----- PROVIDED RECORDS -----

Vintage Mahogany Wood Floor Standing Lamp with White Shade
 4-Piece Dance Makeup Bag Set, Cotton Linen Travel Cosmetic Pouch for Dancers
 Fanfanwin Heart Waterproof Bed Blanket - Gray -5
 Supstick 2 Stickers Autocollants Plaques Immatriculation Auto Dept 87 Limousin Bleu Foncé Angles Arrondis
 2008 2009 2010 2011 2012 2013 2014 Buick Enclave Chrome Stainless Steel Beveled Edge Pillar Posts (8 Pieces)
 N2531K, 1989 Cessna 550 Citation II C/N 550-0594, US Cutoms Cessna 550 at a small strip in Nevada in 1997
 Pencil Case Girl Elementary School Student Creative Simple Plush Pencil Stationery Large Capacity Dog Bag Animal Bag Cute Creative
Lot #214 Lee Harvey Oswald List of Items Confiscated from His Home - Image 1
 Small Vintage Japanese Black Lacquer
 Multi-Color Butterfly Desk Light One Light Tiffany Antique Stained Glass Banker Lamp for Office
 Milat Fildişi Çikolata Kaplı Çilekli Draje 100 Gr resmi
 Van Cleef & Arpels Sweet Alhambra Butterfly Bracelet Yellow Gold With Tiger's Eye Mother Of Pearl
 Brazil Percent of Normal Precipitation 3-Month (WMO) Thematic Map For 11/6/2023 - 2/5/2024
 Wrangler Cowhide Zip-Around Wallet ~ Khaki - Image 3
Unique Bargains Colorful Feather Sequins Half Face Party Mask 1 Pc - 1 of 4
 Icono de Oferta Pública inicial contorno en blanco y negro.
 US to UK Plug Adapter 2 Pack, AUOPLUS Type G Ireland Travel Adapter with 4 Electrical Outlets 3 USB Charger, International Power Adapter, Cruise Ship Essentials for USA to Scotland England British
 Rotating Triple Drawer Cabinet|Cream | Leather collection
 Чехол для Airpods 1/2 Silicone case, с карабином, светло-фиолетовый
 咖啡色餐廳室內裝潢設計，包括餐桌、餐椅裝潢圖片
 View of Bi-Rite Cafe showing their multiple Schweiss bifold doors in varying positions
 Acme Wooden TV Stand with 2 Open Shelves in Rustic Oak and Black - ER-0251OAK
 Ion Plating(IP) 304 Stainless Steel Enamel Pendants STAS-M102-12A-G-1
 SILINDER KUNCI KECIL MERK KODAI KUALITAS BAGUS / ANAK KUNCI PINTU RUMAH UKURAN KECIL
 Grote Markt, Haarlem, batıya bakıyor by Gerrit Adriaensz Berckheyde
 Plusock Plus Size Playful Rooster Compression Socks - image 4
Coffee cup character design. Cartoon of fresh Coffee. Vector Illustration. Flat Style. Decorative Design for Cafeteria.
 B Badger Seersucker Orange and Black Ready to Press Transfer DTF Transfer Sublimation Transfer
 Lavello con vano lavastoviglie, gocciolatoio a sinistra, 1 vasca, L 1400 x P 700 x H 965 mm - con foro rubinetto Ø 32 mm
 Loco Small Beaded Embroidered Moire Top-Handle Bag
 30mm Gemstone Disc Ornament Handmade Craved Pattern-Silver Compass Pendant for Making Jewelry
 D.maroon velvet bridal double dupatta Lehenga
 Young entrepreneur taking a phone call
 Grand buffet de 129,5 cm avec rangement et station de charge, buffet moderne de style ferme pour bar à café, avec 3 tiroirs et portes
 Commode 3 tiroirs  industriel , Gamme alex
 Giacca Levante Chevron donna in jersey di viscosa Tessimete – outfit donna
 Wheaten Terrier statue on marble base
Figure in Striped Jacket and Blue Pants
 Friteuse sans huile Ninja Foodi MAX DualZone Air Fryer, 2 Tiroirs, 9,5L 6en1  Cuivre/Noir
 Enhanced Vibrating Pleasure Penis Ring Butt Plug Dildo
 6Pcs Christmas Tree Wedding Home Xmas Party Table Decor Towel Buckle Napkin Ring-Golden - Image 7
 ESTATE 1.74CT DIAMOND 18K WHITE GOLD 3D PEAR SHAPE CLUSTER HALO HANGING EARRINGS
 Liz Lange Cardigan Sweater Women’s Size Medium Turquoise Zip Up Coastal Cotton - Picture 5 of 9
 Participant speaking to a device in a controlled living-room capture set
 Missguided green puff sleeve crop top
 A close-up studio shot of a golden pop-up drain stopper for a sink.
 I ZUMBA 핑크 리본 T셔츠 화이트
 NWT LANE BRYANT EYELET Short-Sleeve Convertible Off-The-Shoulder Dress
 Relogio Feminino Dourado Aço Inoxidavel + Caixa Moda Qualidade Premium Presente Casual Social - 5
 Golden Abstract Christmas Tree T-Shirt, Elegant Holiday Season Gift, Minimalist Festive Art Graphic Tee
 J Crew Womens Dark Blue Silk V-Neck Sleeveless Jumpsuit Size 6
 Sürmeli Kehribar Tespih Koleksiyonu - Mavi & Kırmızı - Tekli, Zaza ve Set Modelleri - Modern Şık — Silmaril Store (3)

-----

• [WORK INSTRUCTIONS]: Return only the lines between the one holding "Lavello con vano" and the one holding "Enhanced Vibrating Pleasure", inclusive, exactly as they appear above.

• [RESULT FOR THIS TASK]:
 Lavello con vano lavastoviglie, gocciolatoio a sinistra, 1 vasca, L 1400 x P 700 x H 965 mm - con foro rubinetto Ø 32 mm
 Loco Small Beaded Embroidered Moire Top-Handle Bag
 30mm Gemstone Disc Ornament Handmade Craved Pattern-Silver Compass Pendant for Making Jewelry
 D.maroon velvet bridal double dupatta Lehenga
 Young entrepreneur taking a phone call
 Grand buffet de 129,5 cm avec rangement et station de charge, buffet moderne de style ferme pour bar à café, avec 3 tiroirs et portes
 Commode 3 tiroirs  industriel , Gamme alex
 Giacca Levante Chevron donna in jersey di viscosa Tessimete – outfit donna
 Wheaten Terrier statue on marble base
Figure in Striped Jacket and Blue Pants
 Friteuse sans huile Ninja Foodi MAX DualZone Air Fryer, 2 Tiroirs, 9,5L 6en1  Cuivre/Noir
 Enhanced Vibrating Pleasure Penis Ring Butt Plug Dildo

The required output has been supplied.